Direkt in die Augen geschaut
Film der Woche: „T2 – Trainspotting“von Danny Boyle – Würdiges und unterhaltsames Spät-Sequel mit Ewan McGregor
„Ich werde anständig und sage Ja zum Leben. Ich freue mich schon drauf. Bald bin ich genau wie Ihr“, sagte Mark Renton am Ende von „Trainspotting“. Ein ironisches Versprechen, von dem damals im Jahre 1996 niemand so recht glaubte, dass er es wirklich einlösen würde. Schließlich hatte man gerade eine cineastische Achterbahnfahrt hinter sich und war diesem blutjungen Mann und seinen Freunden durch die Abgründe seiner Heroinsucht gefolgt. Auf Augenhöhe mit diesen abgefuckten Typen, die als bekennende Situationisten im Hier (Edinburgh) und Jetzt (die 90er) lebten und nicht an die Zukunft dachten.

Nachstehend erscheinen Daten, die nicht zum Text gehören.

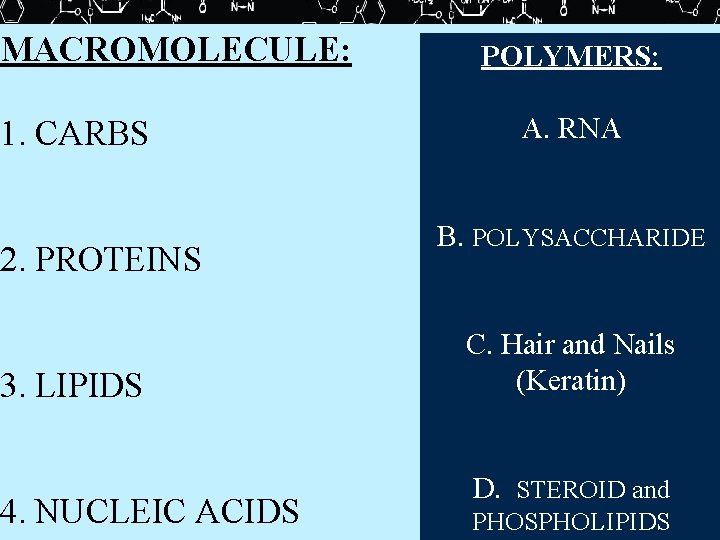 MACROMOLECULE: 1. CARBS 2. PROTEINS 3. LIPIDS 4. NUCLEIC ACIDS POLYMERS: A. RNA B.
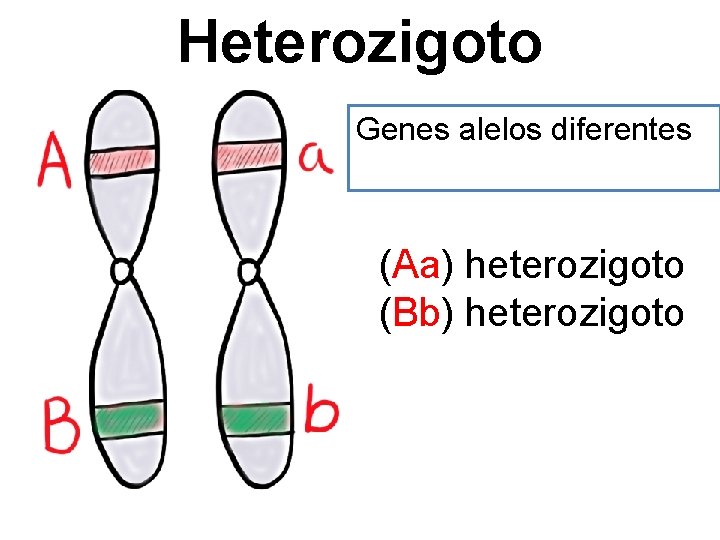 Heterozigoto Genes alelos diferentes (Aa) heterozigoto (Bb) heterozigoto 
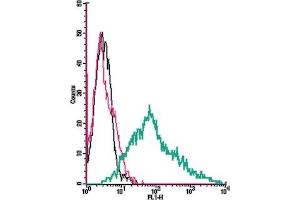Cell surface detection of P2X3 Receptor by direct flow cytometry in live intact human  megakaryoblastic leukemia cells: + Rabbit IgG isotype control-FITC. (P2RX3 anticorps  (Extracellular) (FITC))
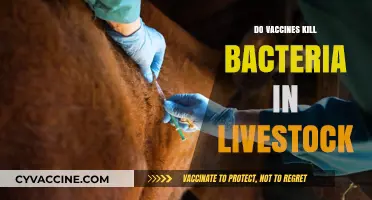 Do Vaccines Eliminate Bacterial Infections in Livestock? Exploring the Facts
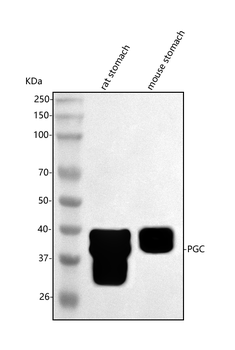 PGC Rabbit Polyclonal Antibody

Aber jetzt ist sie da, die Zukunft, in „T2 – Trainspotting“– dem Sequel des Kultfilmes, das zwei Jahrzehnte auf sich warten ließ. Aus Amsterdam, wo er Software für die Lagerverwaltung des Einzelhandels entwickelt hat, macht Mark (Ewan McGregor) sich auf nach Edinburgh, als es mit dem Spießerdasein nicht mehr so funktionieren will. Freund Spud (Ewen Bremner) ist nie weggekommen vom Heroin. Als Mark ihn aufstöbert, hat er sich gerade eine Plastiktüte über den Kopf gezogen, weil er seinem Leben ein Ende bereiten will. Das Wiedersehen mit Sick Boy (Johnny Lee Miller) führt innerhalb weniger Sekunden in eine wilde Schlägerei. Schließlich ist Mark damals mit den 16 000 Pfund Sterling aus dem Drogendeal durchgebrannt. Nicht dass er ihm das vorwerfen würde. Er hätte es nur gern selbst getan.

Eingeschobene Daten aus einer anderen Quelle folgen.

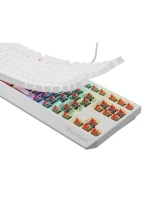 GENESIS Thor 230 TKL Herní klávesnice USB QWERTY US English White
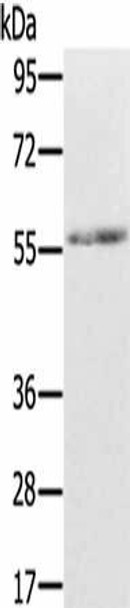 REC8 Antibody PACO16962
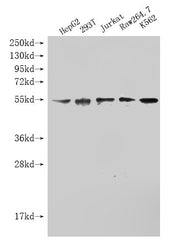 Western Blot Positive WB detected in: SKT38L antibody at 1:1000 Lane 1: HepG2 whole cell lysate Lane 2: 293T whole cell lysate Lane 3: Jurkat whole cell lysate Lane 4: Raw264.7 whole cell lysate Lane 5: K562 whole cell lysate Secondary Goat polycl...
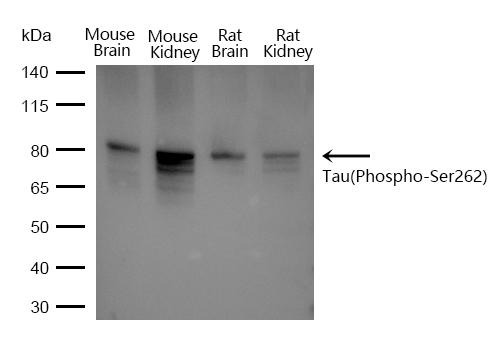 Anti-Phospho-MAPT (Ser262) Polyclonal Antibody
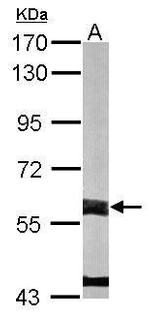 FMO3 Antibody in Western Blot (WB)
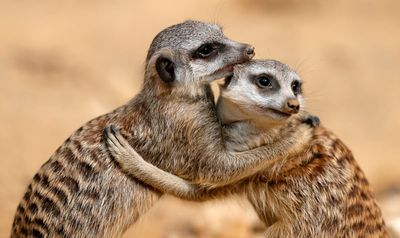 Five meerkats drop dead at Philadelphia zoo after exposure to mystery ‘toxin’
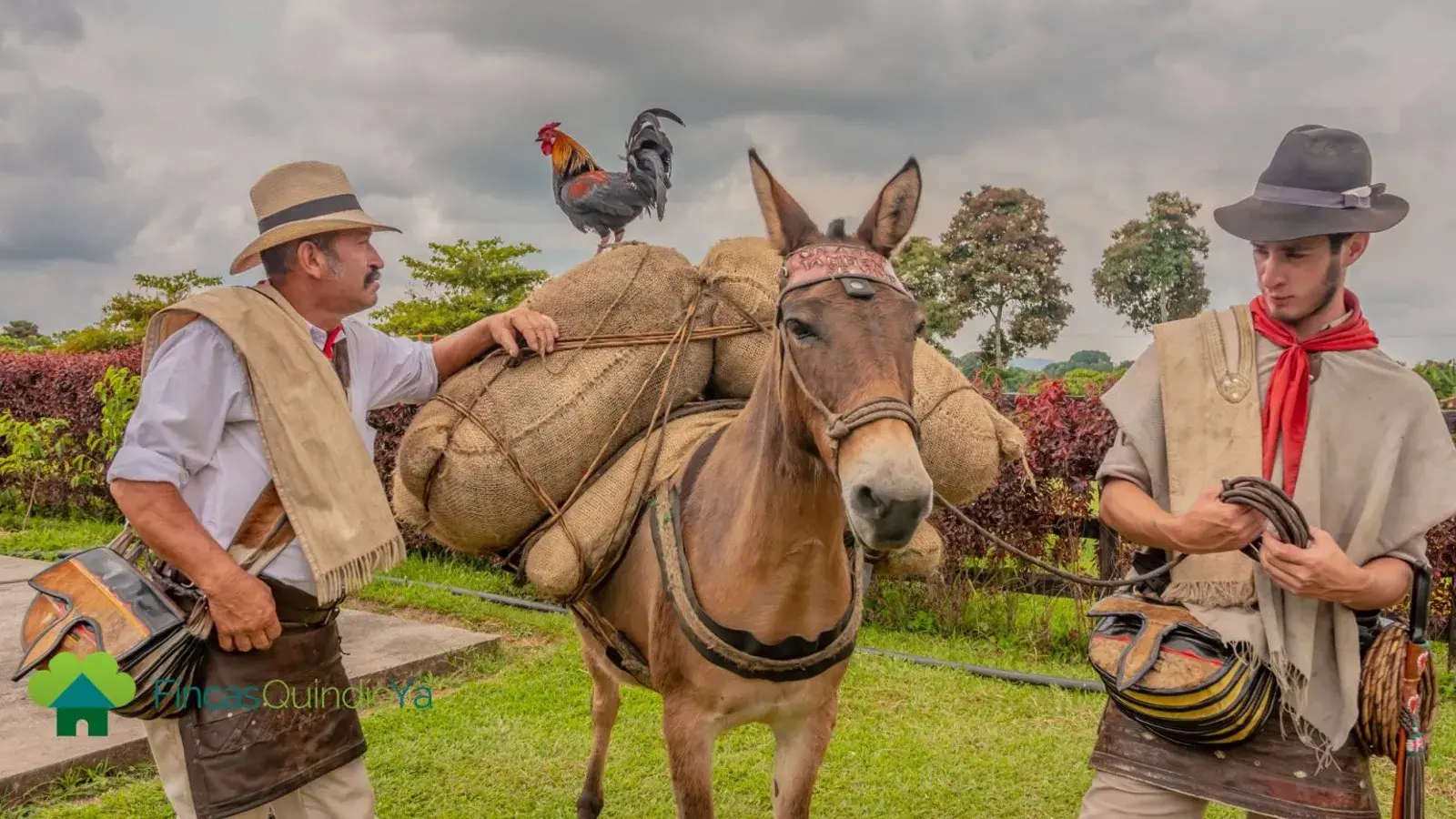 genesis travel, turismo, pasadias, transporte en ibagué, colombia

„Trainspotting“war ja weit mehr als ein Drogenfilm. Im Kern ging es um Freundschaft und Betrug. Dieses Motiv nimmt „T2“nun in umgekehrter Fließrichtung wieder auf. Am Anfang denken die Betrogenen nur darüber nach, wie sie den Betrüger übers Ohr hauen (Sick Boy) oder ihm alle Knochen brechen können (Begbie). Aber dann steigen aus den Trümmern der Vergangenheit neblige Freundschaftsgefühle auf und was von beidem gewinnt, darf hier keinesfalls verraten werden.
Man muss es Danny Boyle und Drehbuchautor John Hodge hoch anrechnen, dass sie dieses Revival nicht in ein Nostalgiefest verwandelt haben. Sie bleiben dem TrainspottingGeist treu, indem sie den Figuren in all ihrer Unzulänglichkeit direkt in die Augen schauen. Dazu gehört auch, dass der Umgang mit der Vergangenheit selbst – die Anekdoten, die Verklärung, die Ernüchterung, das Bedauern, die Alpträume und irreparablen Folgen – zum Thema gemacht wird. Die Mischung aus unterhaltsamen Zusammenprallen alter Bekannter und retrospekiver Reflexion funktioniert überraschend gut und macht „T2“zu einem würdigen Spät-Sequel, das weit über ein lustiges Klassentreffen hinaus geht. (GB 2017, 117 Min., Camera Zwo Sb)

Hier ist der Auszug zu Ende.